• **Task requirements**
The reply should hold every line of the listing exactly, and none of its images.

• **Data extract**
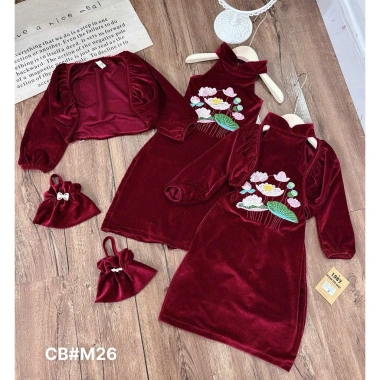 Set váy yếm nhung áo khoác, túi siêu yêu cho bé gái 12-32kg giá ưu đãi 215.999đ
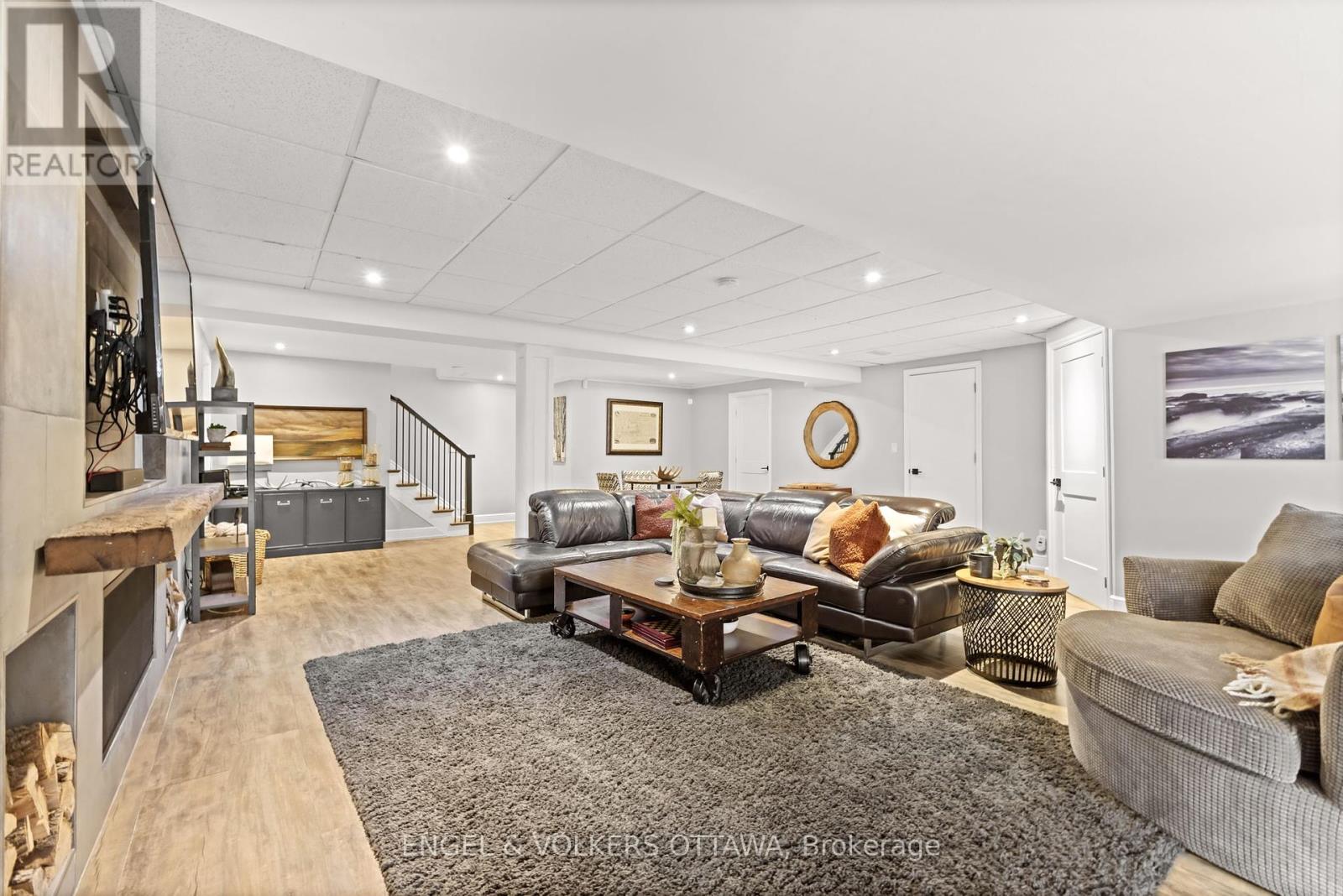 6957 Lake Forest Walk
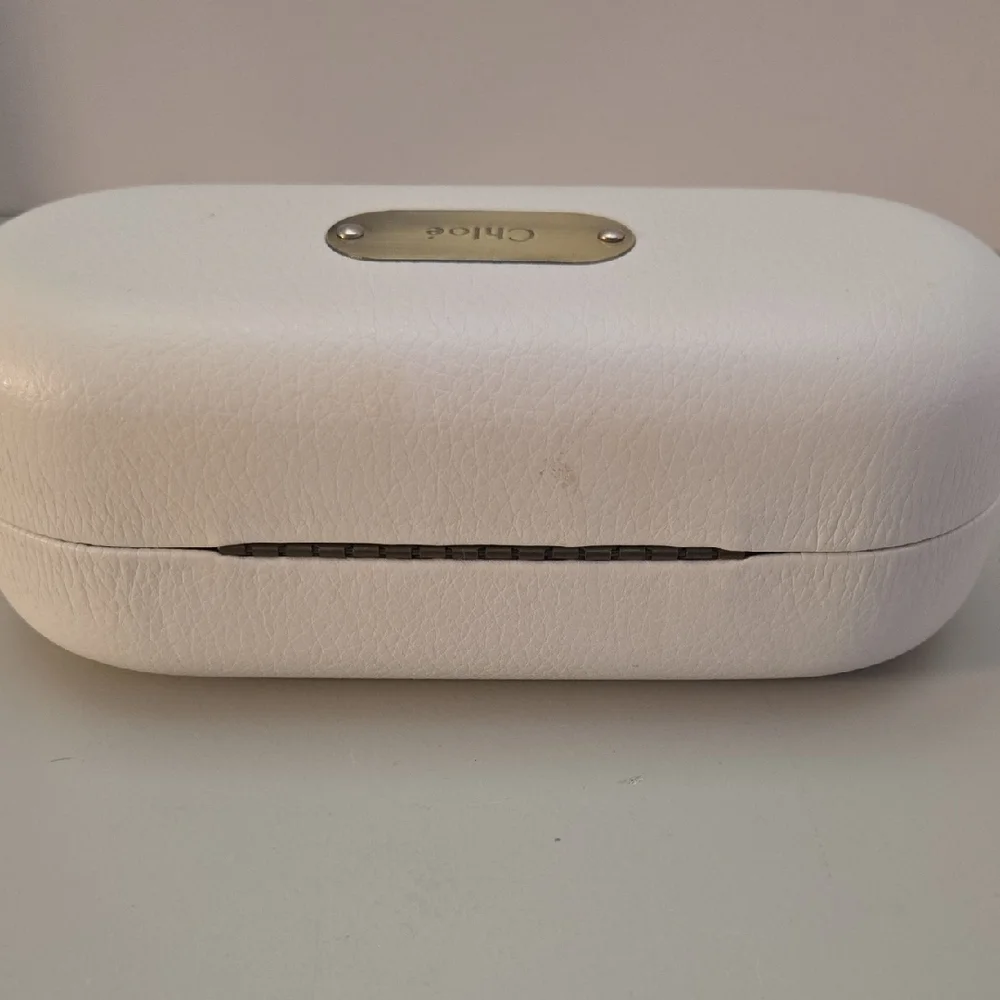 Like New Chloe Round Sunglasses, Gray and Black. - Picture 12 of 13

• **Answer to this exercise**
 Set váy yếm nhung áo khoác, túi siêu yêu cho bé gái 12-32kg giá ưu đãi 215.999đ
 6957 Lake Forest Walk
 Like New Chloe Round Sunglasses, Gray and Black. - Picture 12 of 13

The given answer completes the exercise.